18.6.11

The black hole

When my father passed away when I was sixteen, I fell into a huge black hole.

By then, we had already spent half my life apart, and the parent-child relationship had diluted to an unfeeling, material one. Whenever I met him, it was always about money, a collection of extra allowance for me. Apart from that, there were also occasional gifts, things I would not receive from my mum. Most kids at our schools were well-to-do and well-endowed with many expensive items, a clear evidence against our apparent meritocratic education system. We were living on the line. That was why I always got excited whenever it was time to meet him.

Our meet-ups were scarce, a handful of times in a year or two. It usually took place over a lunch, at a Chinese or Western restaurant, because that was just about what he would eat. Conversations were superficial, though I can no longer recall what we used to talk about. It was more like a quick meal, followed by a pick up of cash. The air was always cold, and he probably felt it more than I did.
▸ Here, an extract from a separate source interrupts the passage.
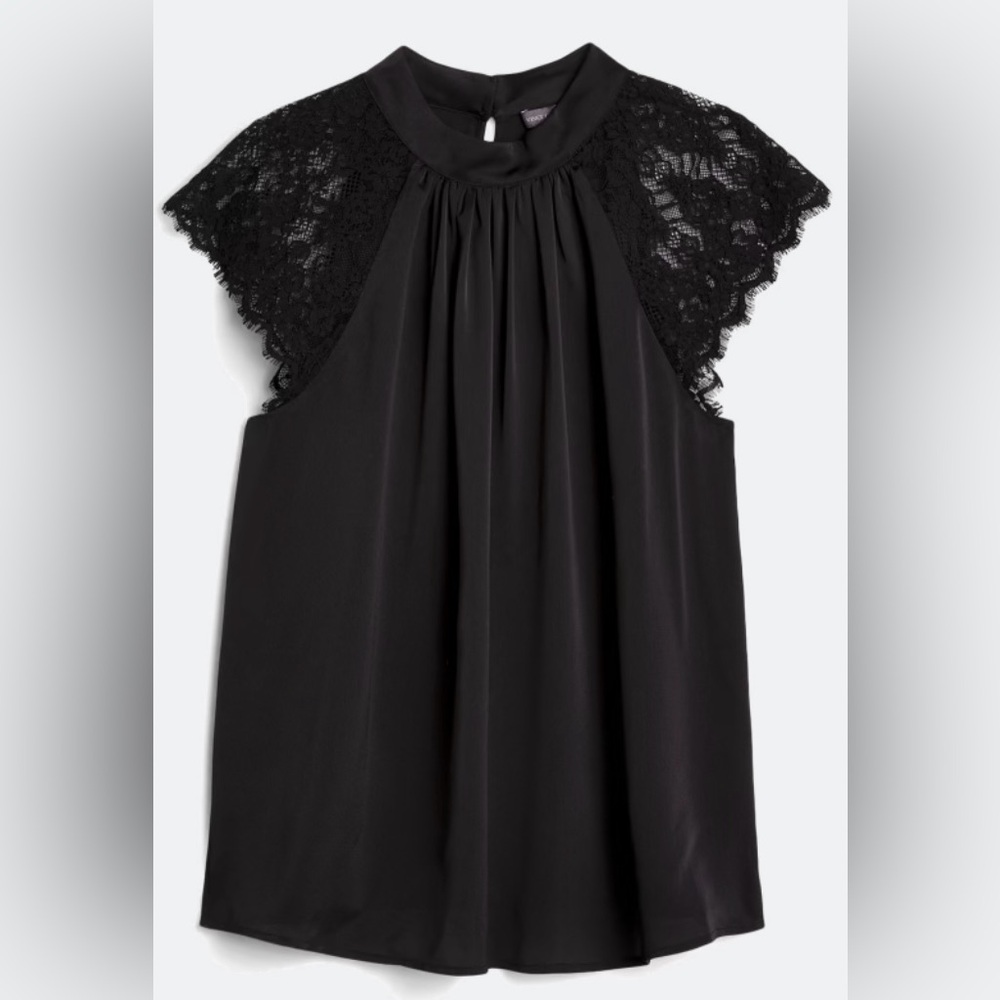 Vince Camuto Anouk Raglan Lace Shoulder Cap Sleeve Blouse, Size 1X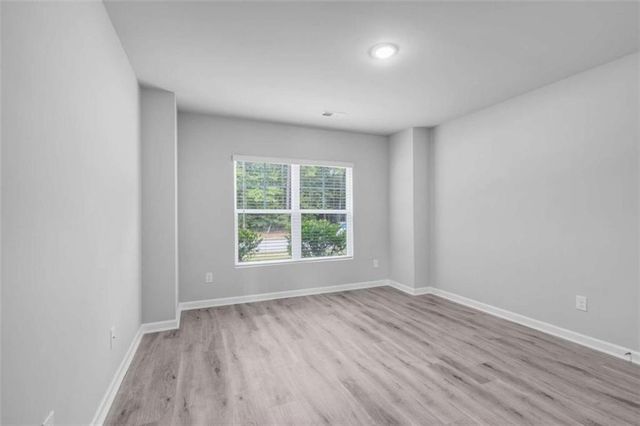 6613 Beaver Creek Trail, Atlanta, GA 30349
The evening when the news came to me one evening, I was overcomed with shock. He was in the hospital for a while, but had chosen not to inform us. I was angry to have been kept out of the loop. It was later on that I found out the reason. You might be able to guess it. I am too ashamed to confess it.

The period that followed was an awful black hole. I did not have to make an effort to carve it out of my memory, it was just an absence of any, a complete gap. When I tried to return to school that following week, I found out that the teacher had announced the news to the whole class. I detected an unusual level of concern in people, a sort of sympathy that made things worse. I tried to hide at home, but the lack of engagement sent me straight into an engulfing state of hollowness. Time crawled by as I spent many afternoons staring at the ceiling in a daze. It was a mental paralysis, an emotional blackout. I tried to sleep the day away, but the floodgates wouldn't close and the dams were broken. I tried to deny, to forget, to externalise, to rationalise, but each comfort was momentary. It didn't help that it was a taboo to talk about anything related to the event. I had just lost something important but I couldn't tell or show anyone. It was a silent, lonely grief. I went to school and did my exams with my mind and body, and locked everything else in a safe.

This was the inaugural black hole, the beginning of many black holes in my life over the next eight years, many of them with no identifiable cause. But even if there were a cause, there is a no cure for loss, no lost corner in Norfolk that we can retrieve what we had left behind, or what had left us.